The brown pelicans, white pelicans, great egrets, snowy egrets, roseate spoonbills, white ibis, ospreys, laughing gulls, and various terns and assorted shorebirds are working overtime right now to feed their hatchlings. It’s an ancient rite of spring on the water down here in southernmost Louisiana.

 

 

 

 

 

 

 

 

 

 

 

 

 

 

 

 

 

 

 

 

 

 

 

 

 

 

 

 

 

 

But there’s something new to the birds’ world this year: These weird floating booms surrounding (only some of) their islands.The yellow boom supposedly acts as a dam holding the oil away. The white boom is absorbent to oil.

 

 

 

 

 

 

 

 

 

 

The oil on the yellow boom doesn’t look too bad now. Captain Dave—a redfish and trout fishing guide who knows these waters better than his wife’s freckles (okay, I made that up)—tells me BP crews are changing the yellow booms regularly so they won’t look so filthy when camera crews come by.

 

 

 

 

 

 

 

 

 

 

The subterfuge doesn’t hide the real problem, he said. Which is that there’s more oil inside the booms than outside. The booms were put in place only after the oil came in. Even though every fishing boat in the northern hemisphere had been waiting on standby weeks ago, desperate to jump on whatever they could do to protect the fisheries, the shore, their world, their livelihood. No doing. BP waited too long, said Dave. In the photo above you can see oil inside the boom.

 

 

 

 

 

 

 

 

 

 

 

 

 

 

Some of the birds preening on the shores of these breeding islands were clearly oiled.

 

 

 

  

 

 

 

 

 

 

 

 

Those that aren’t oiled on the outside are likely oiled on the inside, since they’re catching fish and invertebrates exposed to oil and dispersant. This white ibis—known in the Cajun dialect as a crawbay (?) croixbet (?), no idea about the spelling of that—will be poking into the contaminated seafloor for food long after the surface waters look clean.

 

 

 

 

 

 

 

 

 

 

We saw many flocks of ibis heading out to waters of unknown oily provenance to fish.

 

 

 

 

 

 

 

 

(Photo courtesy Lawrence Curtis)

This roseate spoonbill and many others like it were also flying towards the same unknowns.

 

 

 

 

 

 

 

 

 

 

All the birds here make a living off the sea and all will be carrying their catch—contaminated or otherwise—back to feed their chicks, like this baby brown pelican.

 

 

 

 

 

 

 

 

 

Dave kept wondering what exactly these booms were going to do.
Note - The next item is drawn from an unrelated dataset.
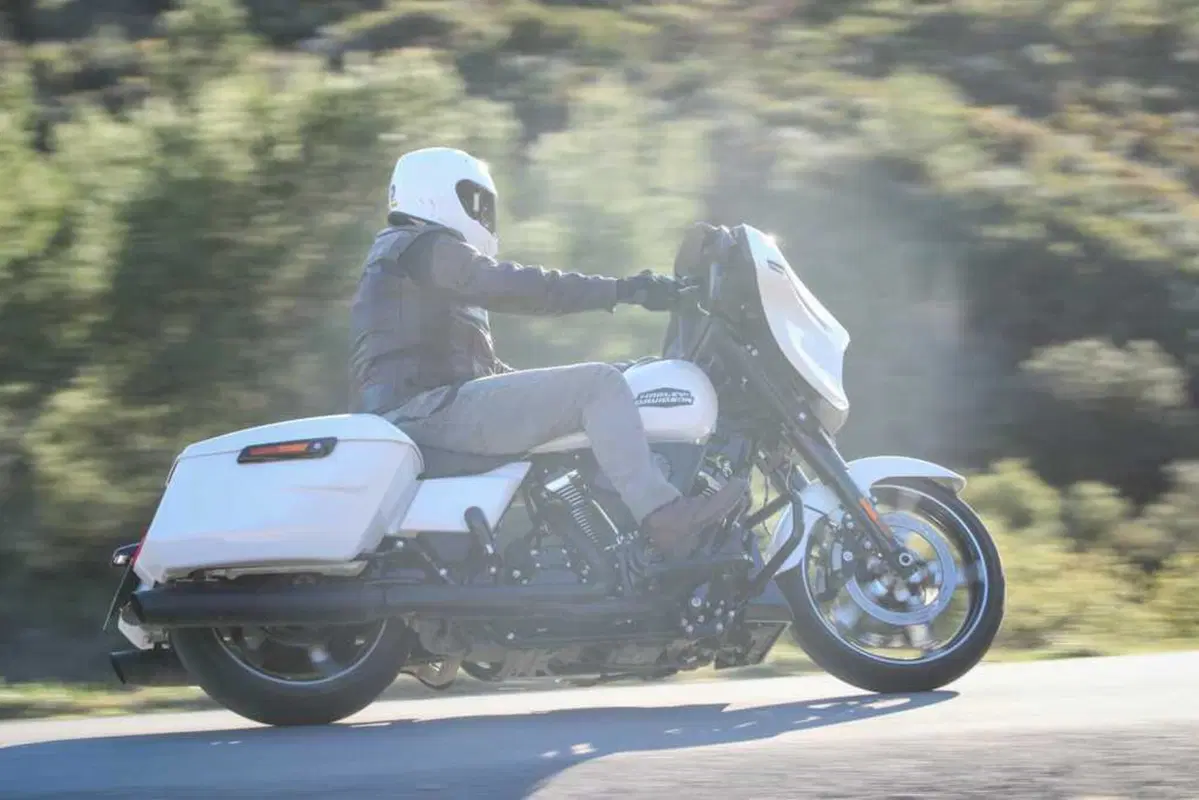 Harley-Davidson Street Glide e Road Glide 2024: abbiamo provato le tourer rivoluzionate! (54)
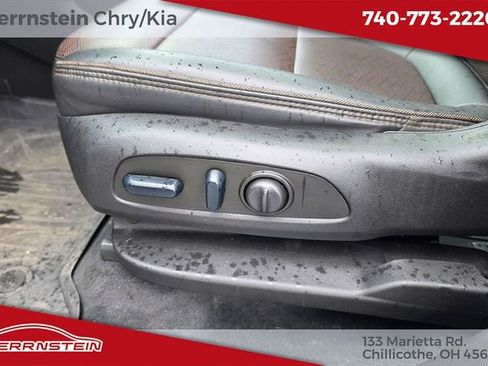 Used 2024 Chevrolet Traverse High Country image 18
Some islands are boomed, others are not. Some are partially boomed. That’s like wearing half a condom, if you know what I mean. Lost booms are floating around all over the place out here, fouling the fouled waters.

 

 

 

 

 

 

 

 

 

 

Darkness and huge thunderstorms brought down the curtain on a million questions about the future. Dave said—and the birds would doubtless agree—he’d rather have another Katrina than this. Sadly, 2010 may deliver both.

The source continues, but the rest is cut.